Aged care assessment teams have been cautioned not to compensate for home care wait times by approving older people for the highest level of care, federal bureaucrats have revealed.
In response to questions from Greens Senator Rachel Siewert, the Department of Health said it was concerned some “well meaning” assessors had been approving seniors for a higher level of care to avoid a reassessment at a later date.
“We have reaffirmed with ACATs that under their agreement with the Commonwealth our expectation is that people should be assessed for their current care needs,” the department’s Fiona Buffinton told a Senate estimates hearing last night.
She said the department has been working with the state-run assessment services to provide training and guidance in this area.
“We do have methods for reassessment if someone has increased frailty, which doesn’t have to be a full reassessment. It can be a desktop assessment where we can take into account the opinions of GPs,” Ms Buffinton said.
According to the latest home care data report released in December, the most common home care approval was for Level 4, accounting for 40 per cent of approvals.
Home care wait times
The department told the Senate committee it continued to advise older people with a medium priority that the wait time for a high-level package was in excess of 12 months and six to nine months for Level 1 and 2 packages.

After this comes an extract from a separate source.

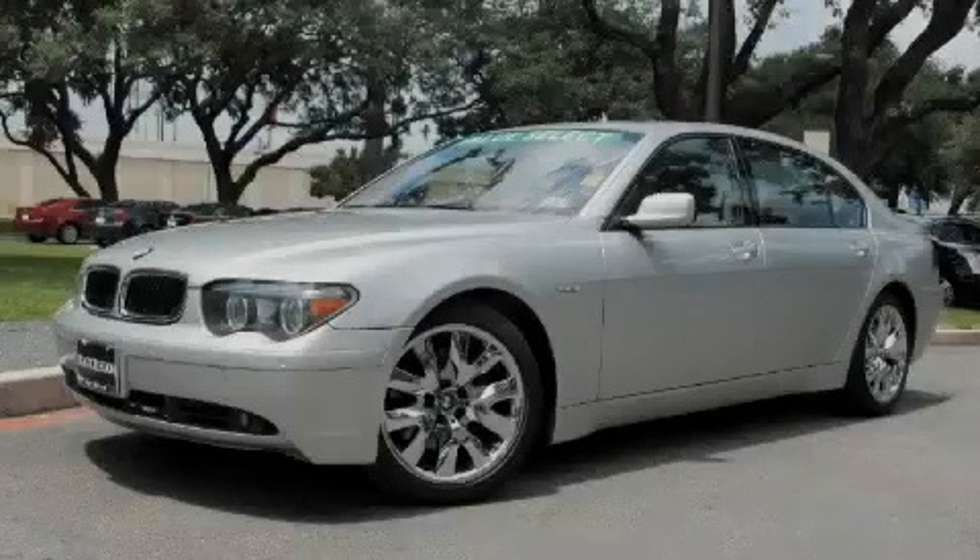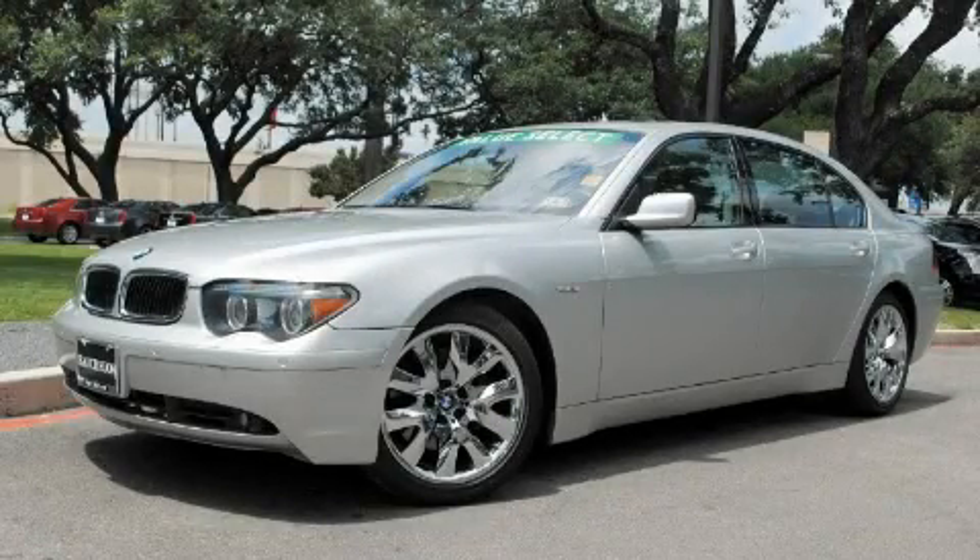Not to mention that this BMW qualifies for the Carfax buyback guarantee. Contact us today to arrange your test drive.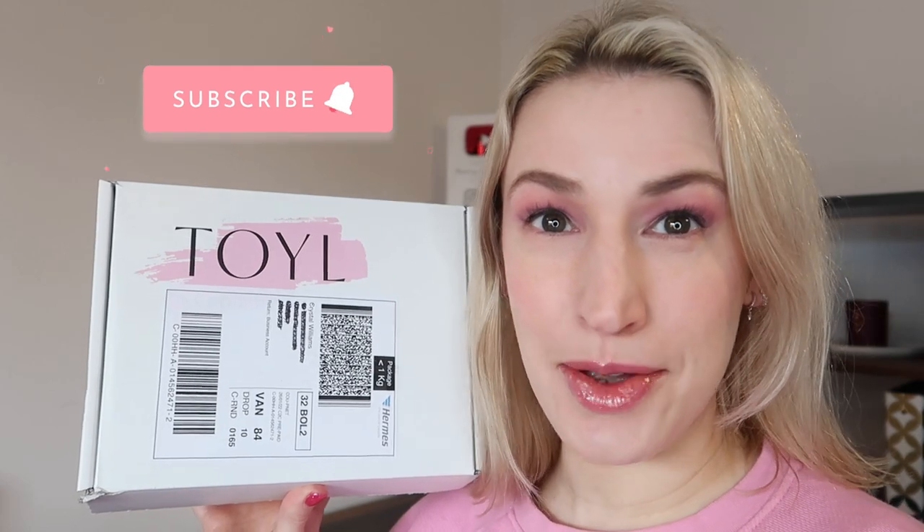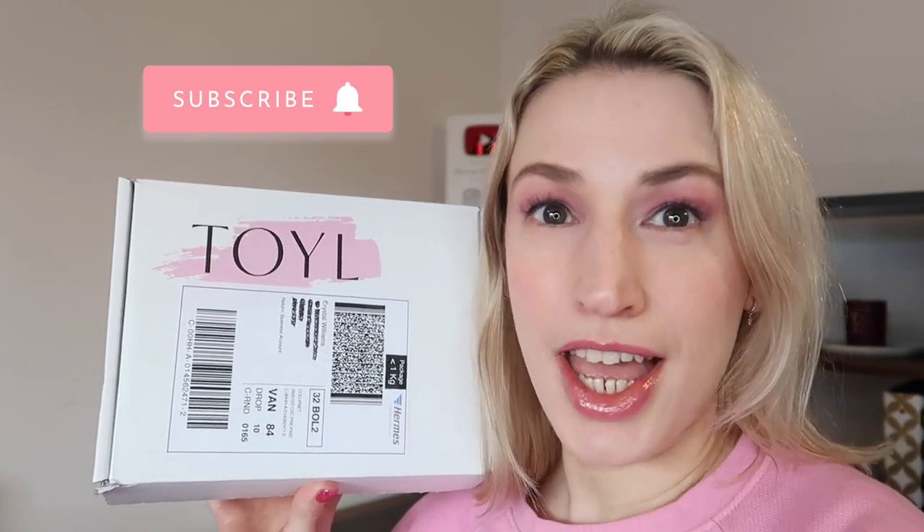Hey guys, welcome to Planning with Crystals. Today's unboxing is the February 2022 Toyl box. I am so excited to show you this - it's an amazing box. I've never been disappointed with any of the boxes I've received with this particular subscription, but this one I'm just extra excited for. Toyl is a UK-based beauty subscription for women age 40 and over, especially designed for your skin at that time. I'm 35, not quite at 40 yet, but the skincare products definitely work for me - prevention is better than cure. It's a really well-curated subscription; Karen who runs this company gives a lot of time, thought, and effort into choosing the best products.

Officials told the hearing the health department was unable to determine from its data how many of the 80,000 packages assigned between 27 February and 30 September 2017 had not been taken up by consumers. Currently the only figure it reports is the number of consumers in care, which was 71, 423 at 30 June 2017.
The department also provided the most recent data on the distribution of filled packages, which showed two thirds of packages in the system (66 per cent) were still Level 2s.
At 30 June 2017, there were:
- 1,168 Level 1 packages (2 per cent)
- 47,268 Level 2 packages (66 per cent)
- 6,750 Level 3 packages (9 per cent)
- 16,237 Level 4 packages (23 per cent).
However, this data does not reflect the conversion of 17,825 Level 1 and 2 packages into 6,000 high level ones by the Turnbull Government in September.
Changing the mix of available home care packages to better meet demand for high-level care was a recommendation of the Tune Review.
At the hearing, the department said it had delivered its advice and options to the Minister for Aged Care Ken Wyatt for responding to both the Carnell-Paterson and Tune reports.
Next data report
Ms Buffinton said she expected the release of the next quarterly home care data report to be released within the next two weeks.
Elsewhere during the hearing, South Australian Senator Stirling Griff from the Nick Xenophon Team raised concerns about the lack of auditing of providers over the return of unspent home care funds to the Commonwealth after a person permanently leaves the program.
As an ACAS who only approves at the level the client is eligible for at the time of assessment and at the correct priority, we would like to see the government address the ACAS/ACAT directly who are not doing this rather than blame all ACAS/ACAT
ACAT assessor are qualified health professionals who comprehensively assess eligibility for programs within the context of legislative requirements, guidelines and tools developed by the Department of Health, and validated assessment tools. ACATs are a skilled professional workforce and to blame and generalise the workforce is demeaning.
One of the terms that gets bandied around is ‘future planning’. Couples that were managing well at home and only needed some domestic assistance were given approval for Level 1 or 2 HCP’s stating ‘future planning’. The case management component of these lower level packages eats into the service provision component and as part of a Commonwealth Home Support Program provider it was clear that a large number of people did not need the case management and are better served by staying with the CHSP.. Case management should be provided if a complex care client is finding it difficult to access services, coordinate services and has little or no family support, or in this day and age family are unable to provide support. The ACAT’s are assessing clients at a higher level than current need and are also using the option of referral codes because they are too inundated with work due to teething problems with the new MAC system. it’s easier to do this than to have to do Support Plan Reviews. I am only speaking from a Victorian point of view.
With a condition such as dementia a lot can change in the 12 months plus someone is waiting to receive services. Could require 1 or 2 reassessments before they even get a service!